Yeah. I think in the human condition, we want people to be nice to us. We want to be liked, and it's hard for us to tell why people like us.

Yeah. In the human condition also, this was long ago, like in the eighties or nineties, I had this company that did the newsletter and the conference and came back from a trip to Russia. I had dropped my computer. The hard drive was not working, so I gave it to my team to get it taken care of.

After about two days, my CEO came up to me and said, “Esther, this is awkward, but you seem to think we're not trying to get your computer fixed. I know it's taking time, but we're doing our best. Just be nicer.” I was horrified. This was a team of five people. I had specifically hired Daphne as CEO because I didn't want to run the thing. I wanted to be the person doing the fun stuff. She was scared to tell me, “Don't be a jerk.”

Imagine having hundreds of thousands of people reporting to you. Of course they're not going to tell you're a jerk. I've always been so grateful to her for that. I hope someone else would've done that soon enough, but you really need to hear that and be grateful for it. It wasn't that painful. I apologized and I knew I'd been a jerk.
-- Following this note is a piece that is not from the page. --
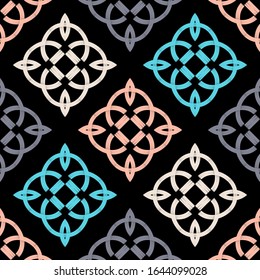 Shapes with hatching. Ethnic boho ornament. Seamless pattern. Tribal motif. Vector illustration for web design or print.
I knew I hadn't told them they were stupid but on clearly being a jerk.

Got you. Aside from government disclosure about what the funding's been doing and the business models, what are other things that you see that we need to change about how we interact with these new models?

It's not clear yet. We needed to do that before with other people. The difference is the speed at which things work. It's like AI is this fourth dimension that suddenly everything can go so much faster. There will be fewer people to say, “I don't want to do this because it's against my moral compass.” You can set something up to do almost anything. It's going to be much easier to do both good and harm, and people who do harm will be less constrained than people trying to do good.

Unfortunately, you need to be more conscious of what you're being asked to do. You have to be more conscious of what the impact of things will be. What you also need ultimately is a lot more people to be trained to be good people rather than people trained to do paperwork. In the end, that's good. A job working with people, that's what people really like.

You talk to all these HR people and they say, “Well, a good boss or a bad boss is the biggest determinant to employee retention.” Yes, they’re bad jobs, but ultimately people do get a community at work. That's part of the problem right now with remote work, gig work, and all these things where, no, don't bring yourself to work, but yeah, do bring yourself to work because it's a third of your life.

You should be able to take pleasure from the people you work with because in the end, that's your family, the people you work with, your neighbors. That's what really gives people satisfaction, even though they keep being told you can be an influencer, you can have millions of followers. Followers are, again, they're quantified, but you don't know when they leave. You want people who will indeed engage with you and love you because you're good, not because they want your money.

Yeah. The challenge is when the staff is employed by companies, it's not about relationship building, it's not about building trust. It's about, “How can I get more done with less and be more efficient?”

Yeah. It's like, to what end? Because when you die, you can't take it with you. Your real job when you're alive is to pass it along, to raise your children. There's this one woman who's in my book called Pam Drucker, who's a dental hygienist. She's the best dental hygienist around.

There's this wonderful French story that's no one's driving along the countryside and his horse and carriage, he sees three bricklayers in sequence, and he asks the first one, of course in French, “What are you doing, young guy?” The young guy says, “Hey, dude. I'm laying bricks, you can see.” He goes to the second one. The second one says, “Well, my Lord, I'm building a cathedral.” The third one says, “I'm honoring God, taking care of teeth.” She's not even using some name for it, like cavitronics or something to clean teeth.

She is giving me better teeth so I can have a better life. She's talking to me like a human, telling me how to use this light night guard so they don't brush my teeth, whatever. She's a human being and she loves making other people's lives better.

Yeah. That's one thing that technology is agnostic about.

Yeah. You can use the technology. It's great. The cavitronics thing, it's amazing. In the end, that personal attention of somebody who doesn't hurt yet, “I can give you more novocaine. Here’s the free samples. Oh, yeah, I love giving them to people,” that kind of stuff.

Yeah. We lose all that when our primary interactions become, “I'm just interfacing with the computer.”

Yeah. At the end, what have you accomplished? I don't want to be competing with an AI. I want to be loving and being needed by other people.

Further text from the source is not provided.